Why Do You Put the Thoughts, Emotions, and Needs of Others Above Your Own?

Updated: Dec 5, 2025

“I always said that I had to put myself in the other person’s place in order to understand them.That’s how others tormented me; they tied me up and did whatever they wanted with me.                                                                                                                              And I still don’t know how I managed to get out of their place again.”  — Titos Patrikios
“I always said that I had to put myself in the other person’s place in order to understand them.That’s how others tormented me; they tied me up and did whatever they wanted with me. And I still don’t know how I managed to get out of their place again.” — Titos Patrikios

The other-directedness domain is one of the five core schema domains in Jeffrey Young’s Schema Therapy model. It refers to patterns where individuals prioritize others’ needs, desires, or approval over their own, often at the expense of self-expression or self-care. Schemas in this domain often include subjugation, self-sacrifice, and approval-seeking/recognition-seeking.


Childhood Experiences


Individuals who develop other-directedness schemas usually grow up in environments where their emotional needs were overlooked, dismissed, or conditional. Common childhood experiences include:


  • Emotional neglect: Parents or caregivers were emotionally unavailable or inconsistent, leaving the child to suppress their own needs to maintain connection.

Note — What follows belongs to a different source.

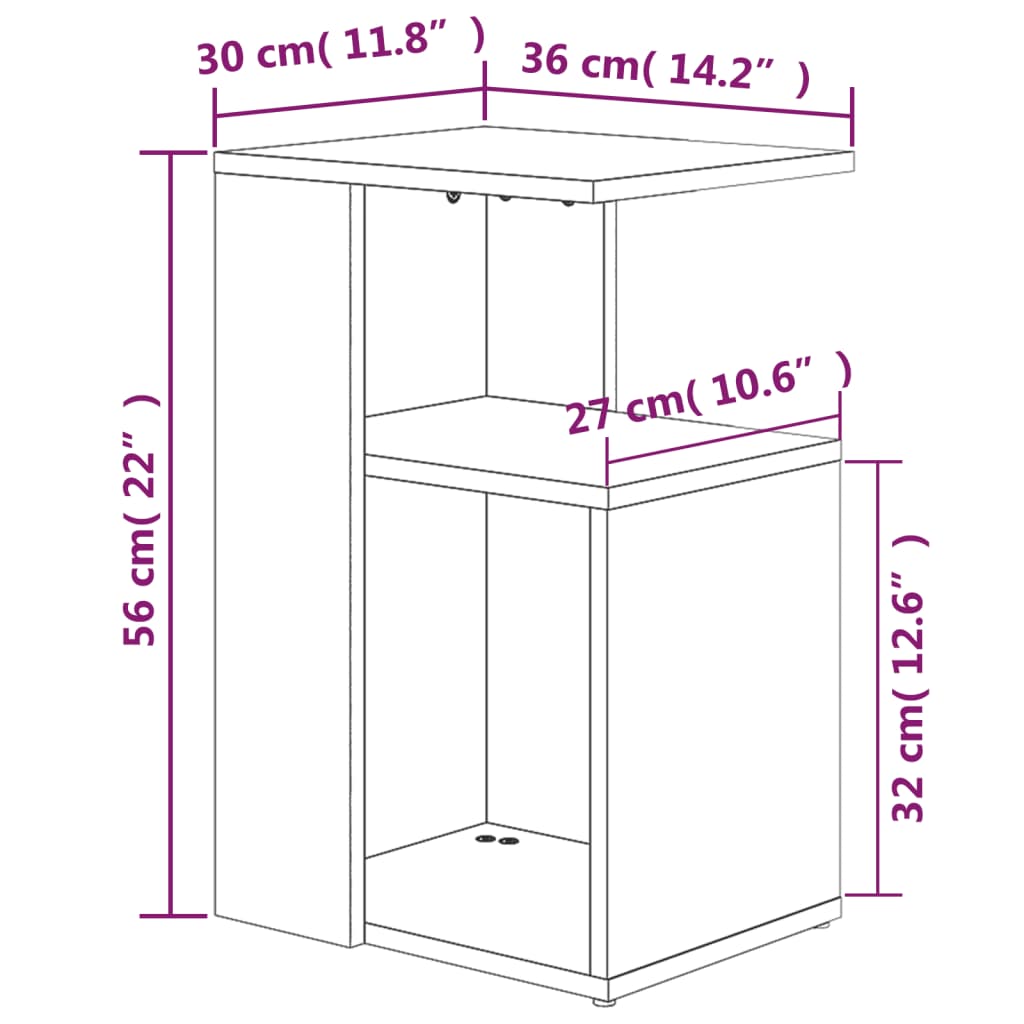 Tavolino da Salotto Grigio Sonoma 36x30x56 cm Legno Multistrato 815190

  • Conditional approval: Love and acceptance were given only when the child prioritized the desires of parents, siblings, or authority figures.

  • Conflict avoidance: The child learned that expressing anger, frustration, or disagreement led to rejection or withdrawal of affection.

  • Excessive responsibility: They were expected to care for siblings or manage adult-like responsibilities, reinforcing the idea that their value lies in serving others.


As a result, these children often learn to monitor others’ needs closely and suppress their own feelings and desires to maintain connection and approval.


Adult Patterns


As adults, individuals with other-directedness schemas often:

  • Prioritize others over themselves: They may struggle to assert their own needs, often feeling guilty when they do.

  • Seek approval and validation: Their sense of self-worth is heavily dependent on others’ recognition or appreciation.

  • Avoid conflict: They may go to great lengths to keep peace, sometimes at significant personal cost.

  • Neglect self-care: Physical, emotional, and mental needs may be routinely sacrificed for the sake of others.

  • Feel resentment or burnout: Chronic self-sacrifice often leads to frustration, exhaustion, or passive-aggressive behaviors.


On the positive side, these individuals are often empathetic, attentive, and skilled at reading social cues, which can make them deeply supportive partners, friends, and colleagues—but only when their patterns are recognized and managed.


Summary


In essence, the other-directedness domain reflects a learned survival strategy from childhood, where prioritizing others was necessary for emotional security. In adulthood, this can manifest as both high empathy and relational skill, as well as challenges in self-assertion and self-worth.

 

References

Young, Jeffrey E., Janet S. Klosko & Marjorie E. Weishaar. Schema Therapy: A Practitioner’s Guide.New York: Guilford Press, 2003.